For most of every four years, he has felt like the mayor of a “little nothing place,” he said — a place that was all but disappearing. The town population has been dwindling by about a dozen people each year from a peak of about 600 in the early 1980s, and now the mayor’s two-room office doubles as the town’s only tornado shelter. The purple-painted restaurant on the square is named “The Restaurant.” A gas station and a liquor store are the only other remaining businesses in town. A quarter of the population lives below the poverty line, and young people are leaving to find jobs in Des Moines. Gas prices have skyrocketed, and it’s a 34-mile drive to buy groceries at the nearest Wal-Mart. The local school district — also the town’s biggest employer — closed in 2010, and not a single politician outside of the county did anything to save it.

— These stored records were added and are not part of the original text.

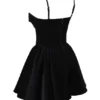 Selina – Mini-Kleid aus schwarzem Samt und Tüll Selina – Mini-Kleid aus schwarzem Samt und Tüll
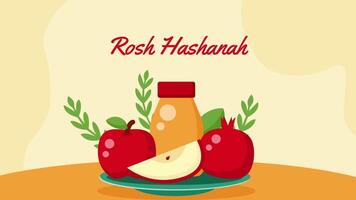 Animation a sweet rosh hashanah celebration with apples honey and pomegranate video
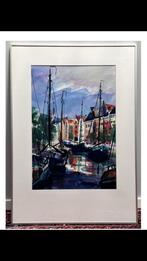 Originele Wouter Okel Aquarel - Hoge der A - Groningen -, Ophalen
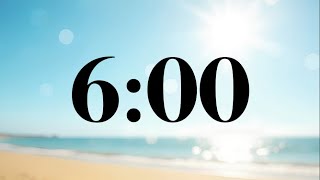 6 Minute Timer | Beach & Ocean Background | Chill Lofi Music | For Focus, Presentations, Classrooms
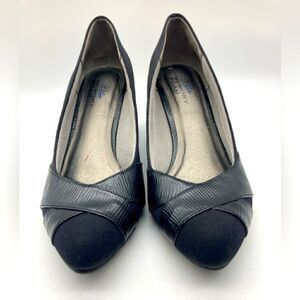 Life Stride Velocity Memory Foam Wedge Black Shoes Size 7M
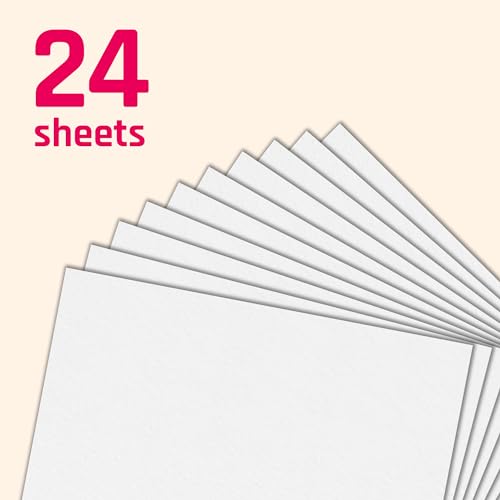 image for TownStix 24 Pieces, 85 lb (230 gsm) - White Cardstock, Thick Heavy Car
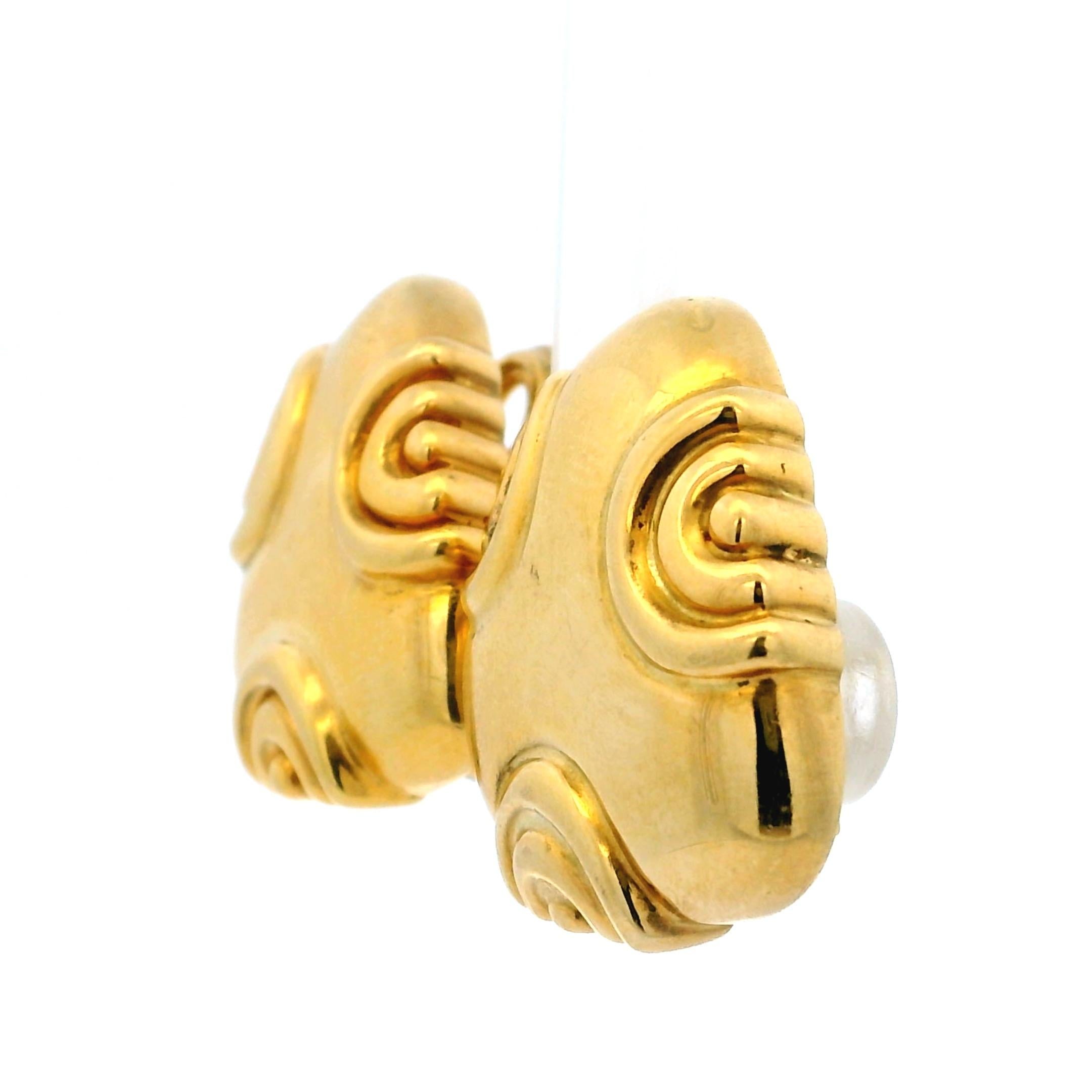 Vintage Italian Sculptural Swirl Clip-On-Ohrringe in 18K Gelbgold im Angebot 6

And yet all of a sudden his besieged rural America is the American heartland, and its barns and cornfields are being used as the props of endless campaign rallies, and his phone won’t stop ringing, and the pollsters wanted to keep him on the line to ask him questions about what he thought.
Well?
“I don’t care for the tradeoffs, for the talking points,” he said. “They need us now but they won’t need us later. That’s soured me on it.”
‘It was nice to be asked’
A block across town, in a railroad-style house that doubled as Lineville’s liquor store, Nancy Snow’s phone wasn’t ringing, and another day of the presidential campaign in Missouri was quietly passing by. She sat on the couch in her living room in the early afternoon and watched “The Young and The Restless,” which she would re-watch at 9 p.m. Her seat on the couch afforded a clear view into her one-room liquor store, with a walk-in fridge, a “Welcome Hunters” sign and jars of pickled eggs and cured sausages sitting alongside the cash register.
She usually keeps the store open six days a week, from 9 a.m. to 10:30 p.m., and she has been the only employee ever since her husband died in 2005. She spends each day as a captive in the house, waiting for business, trying to pass the time. She makes her bed. She watches her cowboy shows. She walks her cat around the yard on a leash. She turns on MSNBC, Fox News and then CNN.
A week earlier, a pollster had called to ask if she would be willing to participate in a survey about the election, and she had talked to him about her opinions for an hour.
“It was nice to be asked,” she said.
For the first time since she could remember, she felt like the observer of a presidential election and not a participant. Missouri had been a swing state in almost every previous election, but now Romney led in the polls by 8 percentage points, and the Democrats had all but withdrawn. Obama had opened two campaign offices in the state, compared with the 22 offices he had there in 2008. This time, his supporters had spent less than $1 million to advertise in Missouri while spending more than $20 million in Iowa.
Snow has received mail and phone calls about the controversial senatorial contest between Democrat Claire McCaskill and Republican Todd Akin, but nothing from Obama or Romney. What she hears about the election comes mostly from her customers — nearly all of them from the more-populated Iowa side of town, and many weary of the campaign.
“I can’t wait for it to be over,” said one customer, interrupting “The Young and The Restless” to buy a carton of Winstons.
“They’re not bothering me,” Snow said.
She planned to vote nonetheless, at a building a few miles down the road in Missouri. Her plan was to cast her ballot at 8:30 a.m. on Nov. 6 and then hurry back to Lineville. Before she opened her store, she wanted to walk over to the polling location on the Iowa side. “Everybody who is anybody will be over there,” she said. She wanted to see the election unfold in a place that mattered, a block away.